Image-caption web data:
+ + + + +

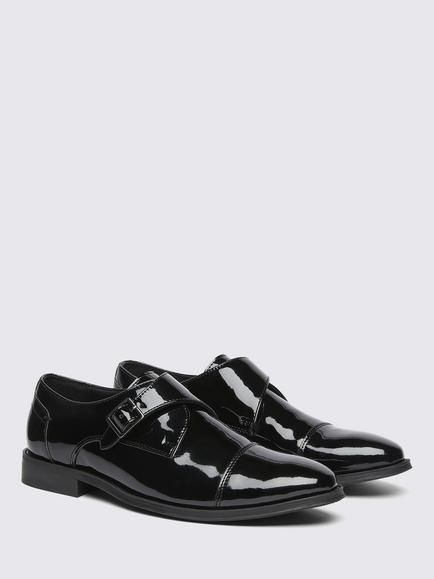 Moss Patent Monk Shoes, Black - view 2, Black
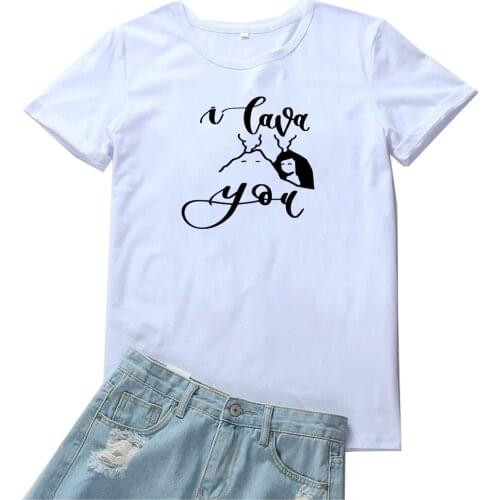 I Lava You Women T-shirt Fashion Japanese Style Tee Shirt Femme Cotton White Tshirt Women Harajuku Graphic T Shirt Women Tops
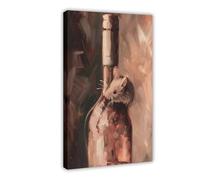 XVHOGAS Stampa artistica decorativa da cucina, con topo che ruba alcol. Poster su tela, decorazione per camera da letto, ufficio, camera da letto, regalo, 40 x 60 cm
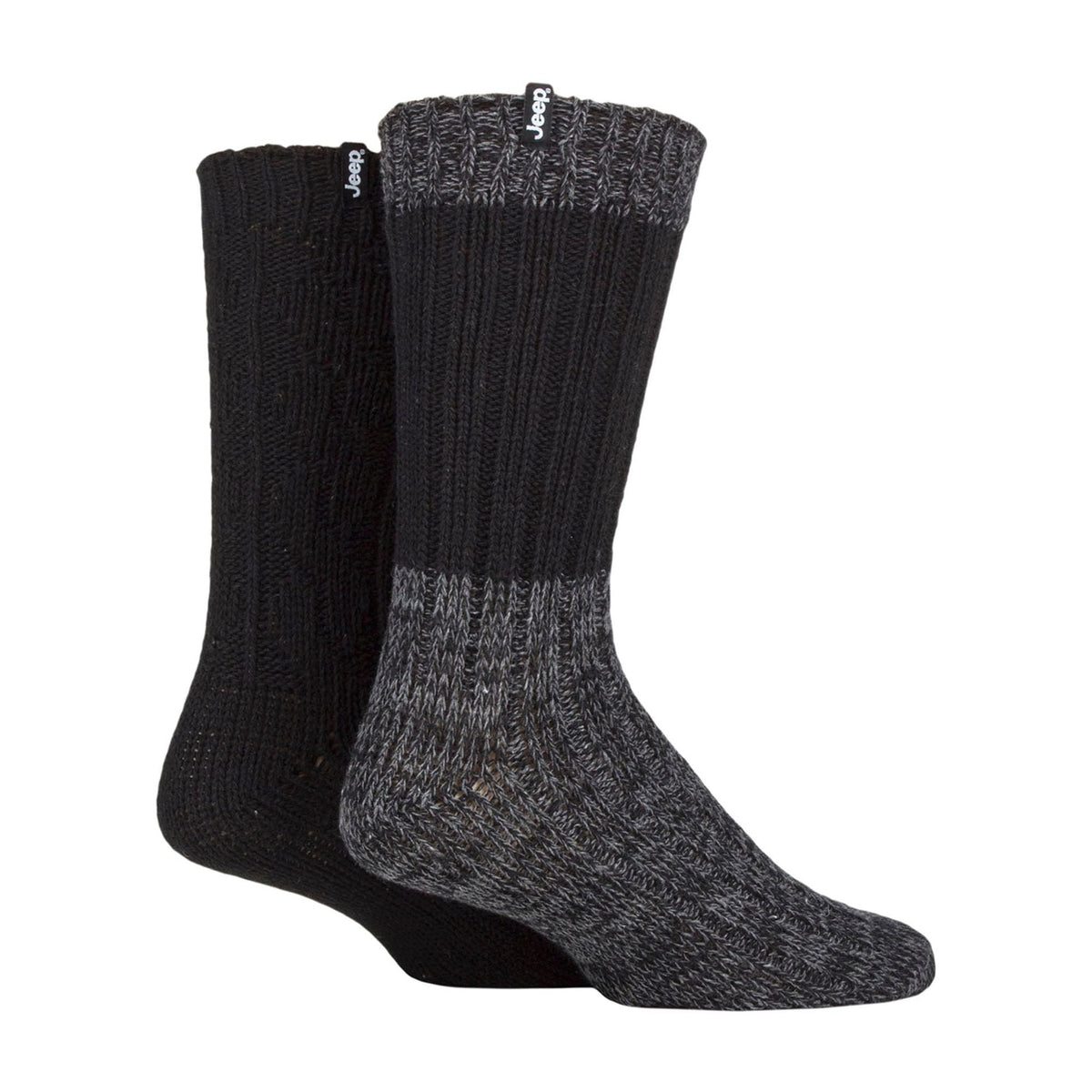 2 Pack Men's Heavyweight Wool Boot Socks | Ribbed Cable Knit Outdoor Socks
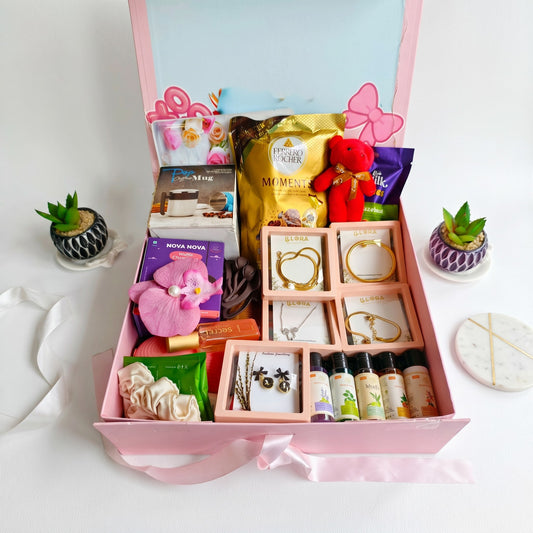 The Jet Setter Travel Gift Hamper For Women on a white surface.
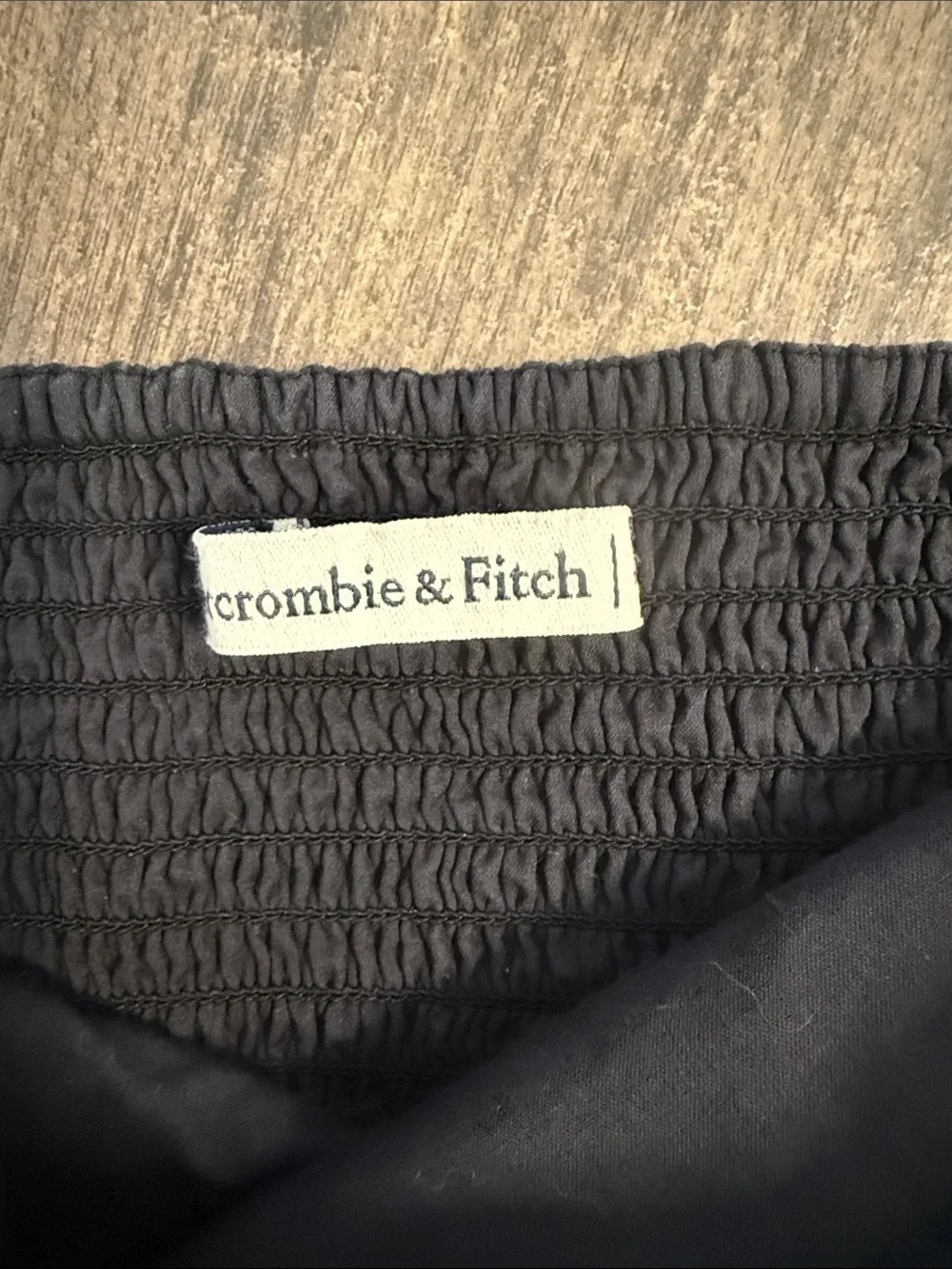 Abercrombie & Fitch Black Off-Shoulder Puff Sleeve Top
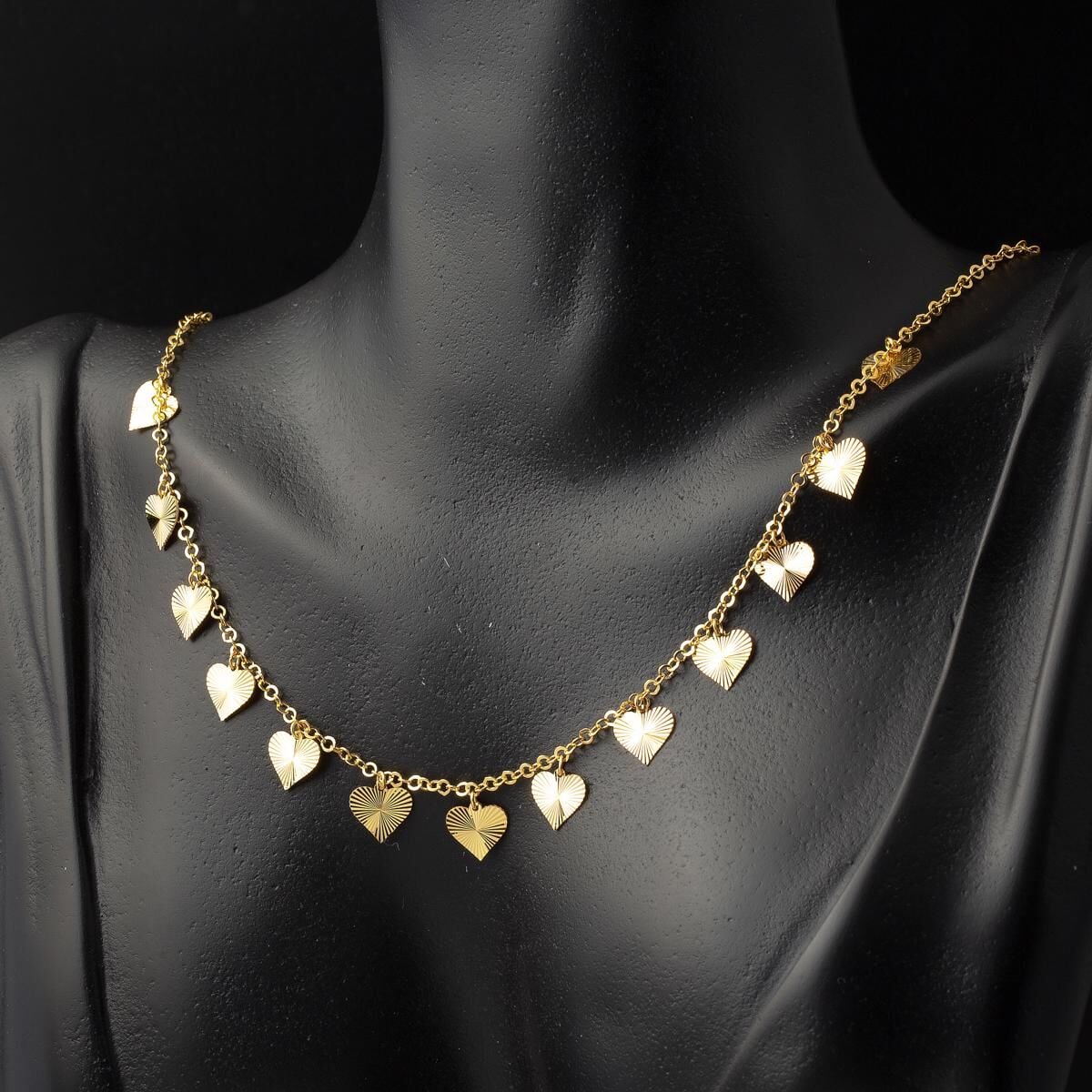 22K Yellow Gold Heart Chain Necklace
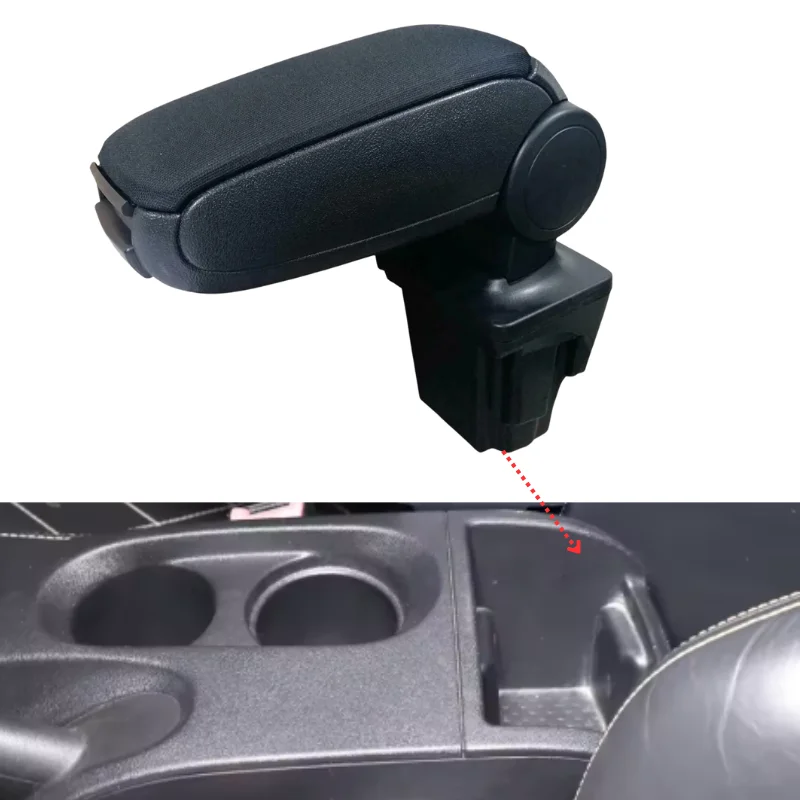 For Seat Leon MK2 1P 2005-2012 Center Console Armrest Storage Box Black Leatherette / Fabric LHD Car Interior Accessories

+ + + + +

What the exercise asks: Each entry above should be given again exactly, with its pictures omitted.

Task solution:
 Moss Patent Monk Shoes, Black - view 2, Black
 I Lava You Women T-shirt Fashion Japanese Style Tee Shirt Femme Cotton White Tshirt Women Harajuku Graphic T Shirt Women Tops
 XVHOGAS Stampa artistica decorativa da cucina, con topo che ruba alcol. Poster su tela, decorazione per camera da letto, ufficio, camera da letto, regalo, 40 x 60 cm
 2 Pack Men's Heavyweight Wool Boot Socks | Ribbed Cable Knit Outdoor Socks
 The Jet Setter Travel Gift Hamper For Women on a white surface.
 Abercrombie & Fitch Black Off-Shoulder Puff Sleeve Top
 22K Yellow Gold Heart Chain Necklace
 For Seat Leon MK2 1P 2005-2012 Center Console Armrest Storage Box Black Leatherette / Fabric LHD Car Interior Accessories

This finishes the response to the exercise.